If anything is near and dear to my heart, it’s freedom of speech. I was born a writer. My Mom was a high school English teacher who loves and values language and communication. Growing up in an emotionally repressed, uncommunicative Irish Catholic culture, I had an abnormally strong desire to connect with others through communications. While I couldn’t get a date to save my life, I could almost always guarantee an A in English class. I also wrote and gave good speeches. I was president of my class, like Reese Witherspoon in Election but not as mean (I hope). A verbose overachiever. It was the best way I knew how to get attention (and apparently still is: hello colsblog readers!).

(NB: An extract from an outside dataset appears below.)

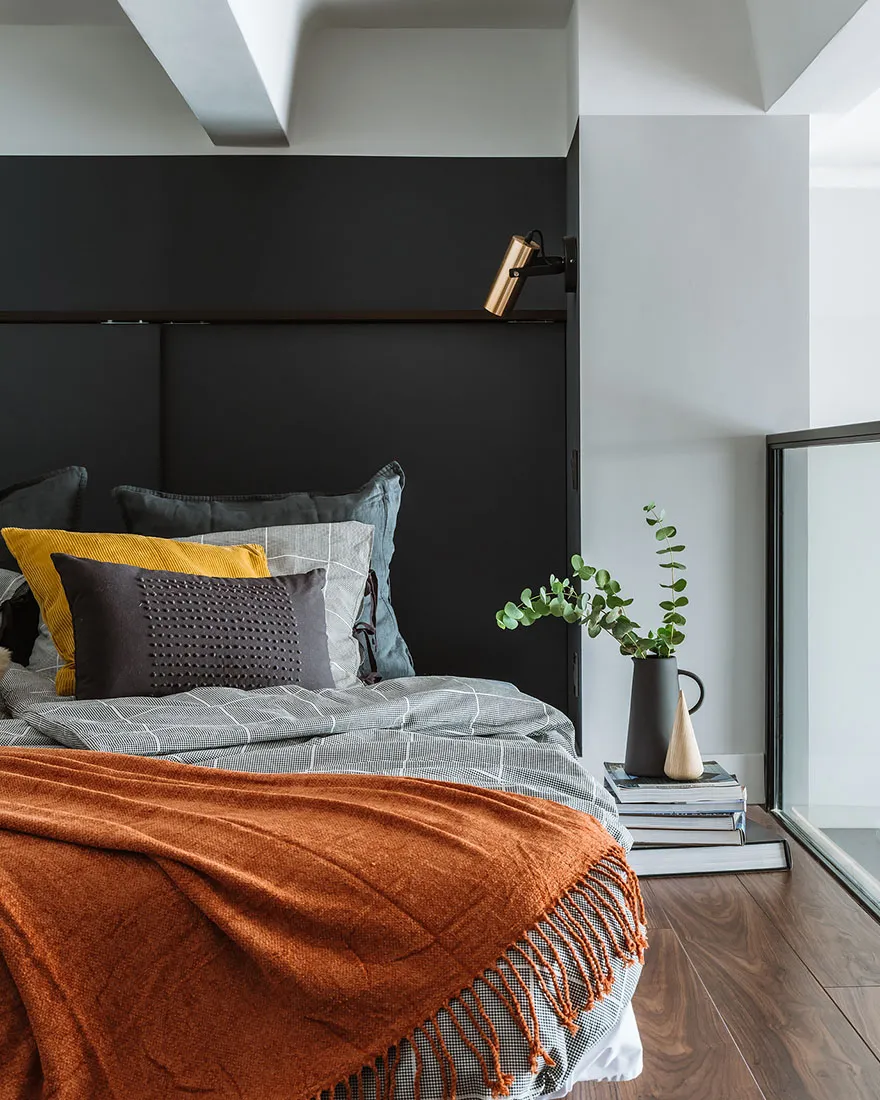 Minimalist bedroom featuring a bed with a dark headboard and mixed texture bedding, along with a small plant on a stack of bo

As the years have collected and I learned more about how to connect with others on an intimate emotional level, I haven’t needed the public props the way I used to. Racking up achievements and being known as a Super Woman isn’t that fulfilling if at the end of the day you come home exhausted to an empty apartment and a barren fridge, feeling lonely.
At some point, after a few years in the corporate world which can strip even the smartest, most creative and resolute of individuals of their basic joie de vivre, I found a job there that suits me: executive speechwriter.

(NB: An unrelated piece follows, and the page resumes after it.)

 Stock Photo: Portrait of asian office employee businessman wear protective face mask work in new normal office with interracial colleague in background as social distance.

I stopped openly fighting the counter-productive macho bullshit I’d see every day on the ground level and instead embraced silence. I took all my juice and energy and good ideas and went behind the curtain to support and learn from the honchos. My excellent listening skills really come in handy here … and my reticence is an asset to me and to them.

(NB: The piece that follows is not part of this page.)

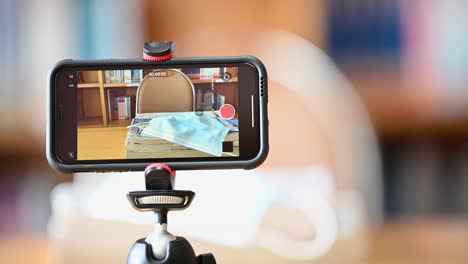 A-mobile-phone-mounted-on-a-tripod-is-used-to-teach-students-online-at-the-library.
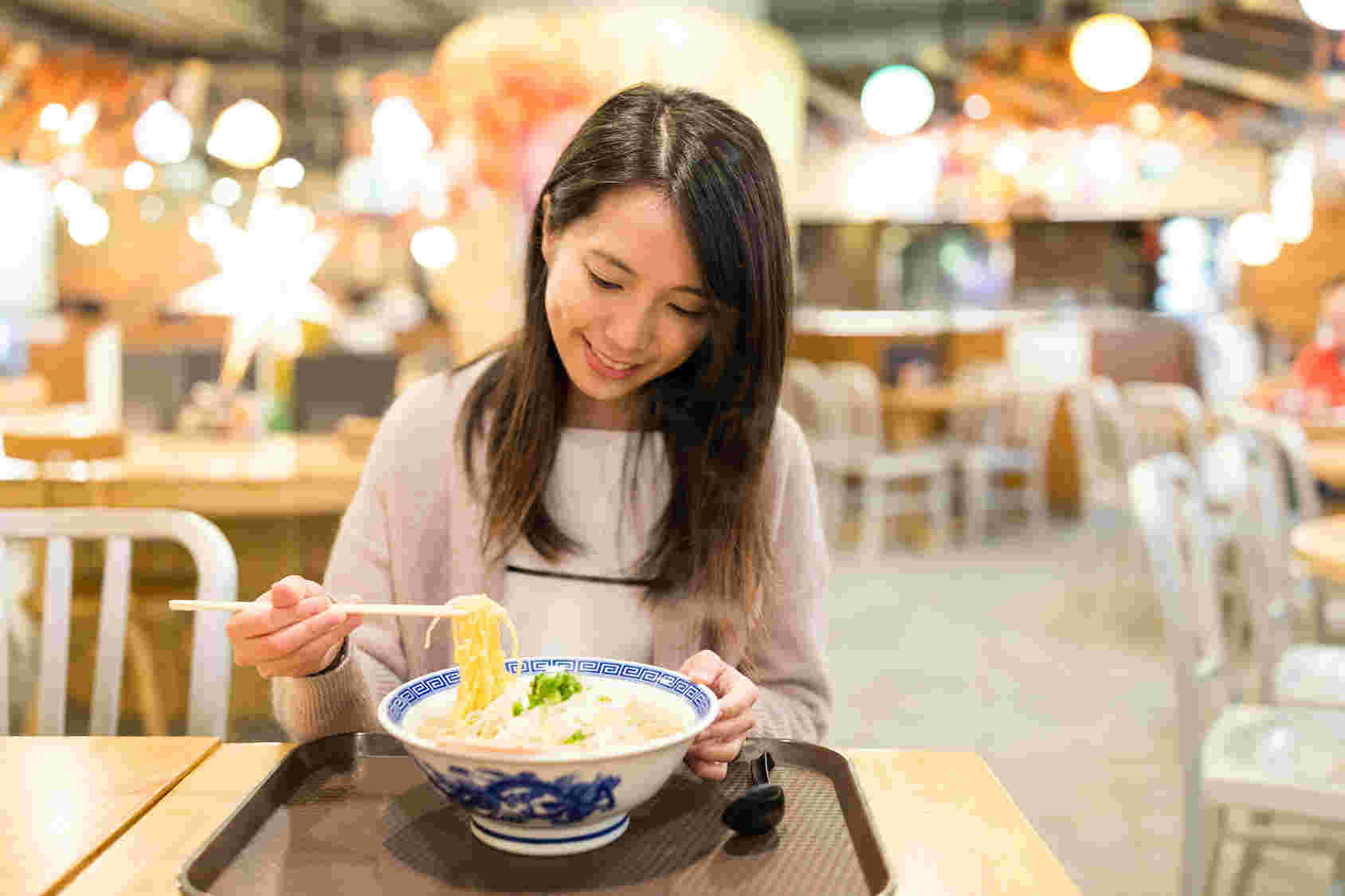 フードコートでラーメンをオーダーし、ラーメンをすくう女性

I give them my ideas and my words, marketing savvy, and deep understanding of human emotions … they gave me a steady paycheck and incredible knowledge of how large organizations work, how people think about and respond to power, and how to get things done through influence versus sheer force of will.
It’s been an amazing experience. Sometimes I feel like I am still in grad school, except I get paid nicely and don’t have to suffer through pie-in-the-sky theoretical BS. I still have to pull all nighters. I still have to put my ass in the chair and power through long writing assignments. Those things don’t bother me much. And the payoff of constant learning … it’s awesome.